Dieses Jahr in Tertia war das unglücklichste meines Lebens.

Ein Kapitel aus Curtius langweilte mich; ich verspürte das unwiderstehliche Gelüste, mit meinem Nachbar über irgend einen erheiternden Gegenstand zu plaudern; aber das Prämium trat wie ein Gespenst zwischen mich und diesen beglückenden Plan, und das Wort erstarb mir auf den Lippen.

Ich machte einen nachmittäglichen Spaziergang. Die Zunge klebte mir am Gaumen, und ich fühlte den Drang, in die nächste Kneipe einzukehren und auf das Wohl Samuel Heinzerlings ein Glas Bier zu trinken. Sofort erinnerte ich mich des Paragraphen der Gymnasialstatuten, der besagt, daß den Schülern dieser Pflanzstätte des Wahren, Schönen und Guten der Genuß geistiger Getränke ein für allemal untersagt ist, – und ich ließ den verlockenden Kelch seufzend vorübergehen.

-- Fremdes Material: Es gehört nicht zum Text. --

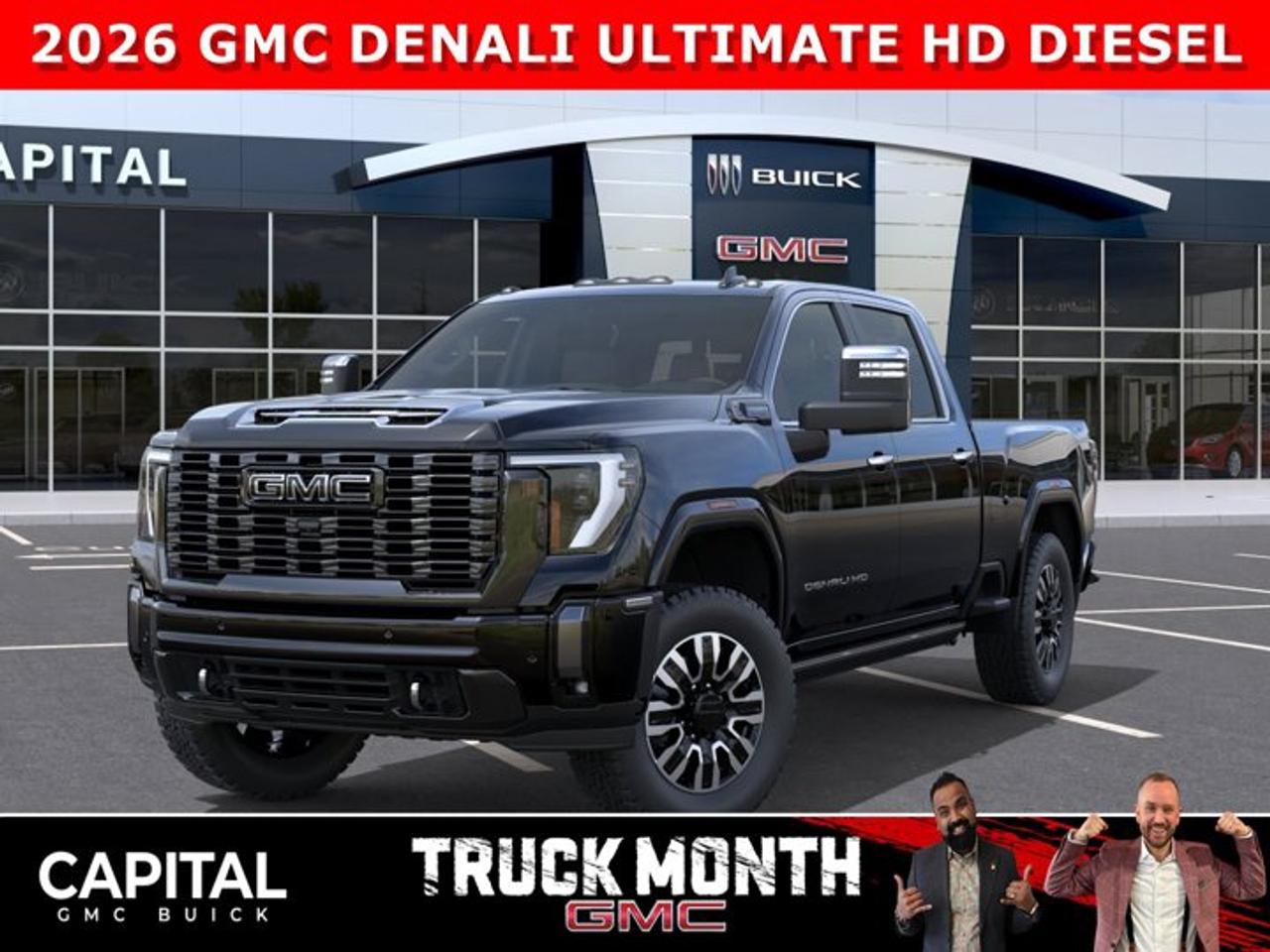 This 2026 DENALI ULTIMATE HD 3500 DURAMAX DIESEL IS HERE. Fully equipped with every option including Body Color Wheel Arch Moldings, Massaging Power Seats, Heated and Cooled Seats, Heads-Up Display, Adaptive Cruise, Rear Streaming Mirror, Signature Alpine Umber Interior, Vader Chrome, Duramax Engine, 5th Wheel Prep Package, 360 Cam, Sunroof and so much more... CALL NOW and secure yours today..Ask for the Internet Department for more information or book your test drive today! Text (or call) 780-435-4000 for fast answers at your fingertips!Disclaimer: All prices are plus taxes and include all cash credits and loyalties. See dealer for details. AMVIC Licensed Dealer # B1044900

Die Kommilitonen führten irgend einen köstlichen Streich aus; meine ganze Seele rang nach aktiver Beteiligung, aber ich wußte, daß es mit dem Prämium aus war, wenn ich mich auch nur eines einzigen Vergehens schuldig machte, und so erstickte ich meine Sehnsucht und blieb, was zu sein ich mir vorgenommen: ein braver Schüler.

Das Osterfest des folgenden Jahres kam heran. Ich erhielt mein Prämium in Gestalt eines Kiepertschen Atlas, und vorn in zierlich lithographierten Zügen stand die wunderbare Tatsache zu lesen, daß ich ein Jahr hindurch die volle Zufriedenheit meiner sämtlichen Lehrer erworben hatte.

Mit diesem Kleinod im Arm eilte ich nach Hause; aber schon unterwegs legte ich den feierlichen Schwur ab: niemals und unter keiner Bedingung wieder nach einem Prämium zu streben, sondern meinen Gefühlen freien Lauf zu lassen und mich ohne Rückhalt dem Kultus der beglückenden Göttin Ungezogenheit zu widmen. Ich habe den Schwur redlich gehalten; auch meine Eltern haben sich später mit dem Ausbleiben der Prämien zu versöhnen gewußt. Sie mochten so etwas wie eine dämmernde Ahnung von dem haben, was in mir vorging, und da ich ja nun überhaupt einmal gezeigt hatte, daß es mir, wenn es absolut sein mußte, wohl möglich war, ein ganzes Jahr hindurch die Qualen der Artigkeit zu ertragen, so fiel es ihnen leichter, auf die Beweise einer fortgesetzten guten Aufführung zu verzichten.

Ich aber betrachte noch jetzt das Jahr in Tertia als einen Fehler in meinem Lebensplan, und hundertmal hab' ich mir zugerufen: annum perdidi! Nein, ihr Gestrengen, die Ungezogenheit ist das eigentliche Element des Gymnasialschülers, und so wenig der Fisch im Extrait double de violette existieren kann, so wenig ist es dem Alumnen einer modernen Bildungsanstalt möglich, die Luft eines Nonnenpensionats einzuatmen. Für die Töchter gebildeter Stände mag die »Gezogenheit« ihre Vorteile haben. Den jungen Leuten, die sich im Laufe der Dezennien zu Bürgern einer freien Nation entwickeln und das Material liefern sollen zu dem großen mitteleuropäischen Kulturstaat, den deutschen Knaben und Jünglingen lasse man das Privilegium der Flegeljahre und die süßen Träume der Jugendeselei, denn nur so können sie gedeihen.